:: What is required ::
Return the following from the records below: each line, word for word, starting with the line that contains "Lake Natron Maasai" and going on through the line that contains "Le port de Cercy-la-Tour (58).", with nothing outside that range.

[[ Data to process, beginning ]]

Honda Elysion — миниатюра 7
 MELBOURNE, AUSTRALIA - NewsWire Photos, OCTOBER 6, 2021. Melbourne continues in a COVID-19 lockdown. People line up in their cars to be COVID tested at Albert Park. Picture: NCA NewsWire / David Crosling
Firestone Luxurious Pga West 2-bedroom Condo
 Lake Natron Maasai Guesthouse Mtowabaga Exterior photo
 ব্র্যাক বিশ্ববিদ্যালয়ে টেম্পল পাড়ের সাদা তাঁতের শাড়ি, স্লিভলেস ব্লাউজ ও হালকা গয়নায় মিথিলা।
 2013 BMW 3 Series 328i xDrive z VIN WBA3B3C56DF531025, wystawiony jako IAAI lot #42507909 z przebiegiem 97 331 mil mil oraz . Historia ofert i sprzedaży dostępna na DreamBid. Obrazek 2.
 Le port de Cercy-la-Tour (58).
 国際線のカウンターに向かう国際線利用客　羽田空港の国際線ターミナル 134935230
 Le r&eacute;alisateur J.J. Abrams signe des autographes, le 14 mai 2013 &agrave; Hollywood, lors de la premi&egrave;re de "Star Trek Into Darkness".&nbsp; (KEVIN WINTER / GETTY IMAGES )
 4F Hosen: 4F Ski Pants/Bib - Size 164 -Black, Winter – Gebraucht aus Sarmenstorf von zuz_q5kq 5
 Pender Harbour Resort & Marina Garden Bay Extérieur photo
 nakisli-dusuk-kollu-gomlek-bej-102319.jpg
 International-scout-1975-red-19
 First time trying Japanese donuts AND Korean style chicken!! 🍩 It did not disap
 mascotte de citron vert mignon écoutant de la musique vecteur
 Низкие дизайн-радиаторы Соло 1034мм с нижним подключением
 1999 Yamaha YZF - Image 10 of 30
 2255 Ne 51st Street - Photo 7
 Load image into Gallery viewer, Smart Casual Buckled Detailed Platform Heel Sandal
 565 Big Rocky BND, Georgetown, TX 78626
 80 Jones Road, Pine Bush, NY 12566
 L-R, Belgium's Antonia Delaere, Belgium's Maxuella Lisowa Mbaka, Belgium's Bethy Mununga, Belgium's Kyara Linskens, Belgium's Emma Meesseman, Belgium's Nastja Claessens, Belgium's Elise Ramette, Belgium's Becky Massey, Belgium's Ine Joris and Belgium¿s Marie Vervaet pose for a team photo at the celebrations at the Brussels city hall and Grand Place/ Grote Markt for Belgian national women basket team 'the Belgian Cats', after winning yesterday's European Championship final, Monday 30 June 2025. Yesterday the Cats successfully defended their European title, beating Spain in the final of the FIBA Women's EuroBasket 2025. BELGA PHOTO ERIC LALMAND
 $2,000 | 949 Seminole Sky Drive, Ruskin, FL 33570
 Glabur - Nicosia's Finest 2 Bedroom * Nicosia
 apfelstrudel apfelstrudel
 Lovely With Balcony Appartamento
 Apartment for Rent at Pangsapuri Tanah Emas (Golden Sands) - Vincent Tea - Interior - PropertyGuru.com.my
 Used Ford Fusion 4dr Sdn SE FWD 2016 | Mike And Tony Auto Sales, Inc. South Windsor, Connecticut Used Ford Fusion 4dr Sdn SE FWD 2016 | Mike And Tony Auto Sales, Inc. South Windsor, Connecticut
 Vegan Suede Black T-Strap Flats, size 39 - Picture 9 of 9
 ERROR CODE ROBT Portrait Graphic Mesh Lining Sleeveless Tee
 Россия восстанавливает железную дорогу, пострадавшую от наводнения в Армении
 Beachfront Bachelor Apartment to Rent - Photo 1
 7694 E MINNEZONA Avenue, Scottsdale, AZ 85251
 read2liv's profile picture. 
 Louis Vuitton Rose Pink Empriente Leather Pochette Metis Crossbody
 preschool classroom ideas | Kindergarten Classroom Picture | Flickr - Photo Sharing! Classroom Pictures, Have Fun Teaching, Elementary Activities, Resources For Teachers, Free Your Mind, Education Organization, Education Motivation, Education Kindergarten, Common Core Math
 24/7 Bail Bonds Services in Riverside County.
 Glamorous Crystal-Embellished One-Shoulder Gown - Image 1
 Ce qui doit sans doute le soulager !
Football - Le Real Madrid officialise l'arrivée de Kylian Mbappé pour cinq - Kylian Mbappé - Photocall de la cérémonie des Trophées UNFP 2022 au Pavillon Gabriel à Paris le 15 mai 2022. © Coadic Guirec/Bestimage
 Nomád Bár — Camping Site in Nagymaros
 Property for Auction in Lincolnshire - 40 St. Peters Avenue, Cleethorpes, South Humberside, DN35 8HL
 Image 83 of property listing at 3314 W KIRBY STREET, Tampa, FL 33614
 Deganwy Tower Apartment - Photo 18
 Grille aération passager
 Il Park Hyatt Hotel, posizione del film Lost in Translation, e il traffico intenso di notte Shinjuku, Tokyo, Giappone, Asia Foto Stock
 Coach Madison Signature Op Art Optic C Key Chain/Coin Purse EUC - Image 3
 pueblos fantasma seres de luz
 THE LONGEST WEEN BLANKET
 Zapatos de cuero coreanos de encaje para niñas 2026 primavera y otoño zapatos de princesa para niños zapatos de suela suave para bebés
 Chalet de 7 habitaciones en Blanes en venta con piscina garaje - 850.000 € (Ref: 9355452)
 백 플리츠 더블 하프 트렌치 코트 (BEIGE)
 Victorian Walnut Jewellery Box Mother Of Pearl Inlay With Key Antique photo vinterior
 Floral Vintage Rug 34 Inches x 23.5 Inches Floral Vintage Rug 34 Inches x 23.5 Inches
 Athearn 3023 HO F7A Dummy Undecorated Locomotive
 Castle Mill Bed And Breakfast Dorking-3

[[ Data to process, end ]]

:: Response ::
 Lake Natron Maasai Guesthouse Mtowabaga Exterior photo
 ব্র্যাক বিশ্ববিদ্যালয়ে টেম্পল পাড়ের সাদা তাঁতের শাড়ি, স্লিভলেস ব্লাউজ ও হালকা গয়নায় মিথিলা।
 2013 BMW 3 Series 328i xDrive z VIN WBA3B3C56DF531025, wystawiony jako IAAI lot #42507909 z przebiegiem 97 331 mil mil oraz . Historia ofert i sprzedaży dostępna na DreamBid. Obrazek 2.
 Le port de Cercy-la-Tour (58).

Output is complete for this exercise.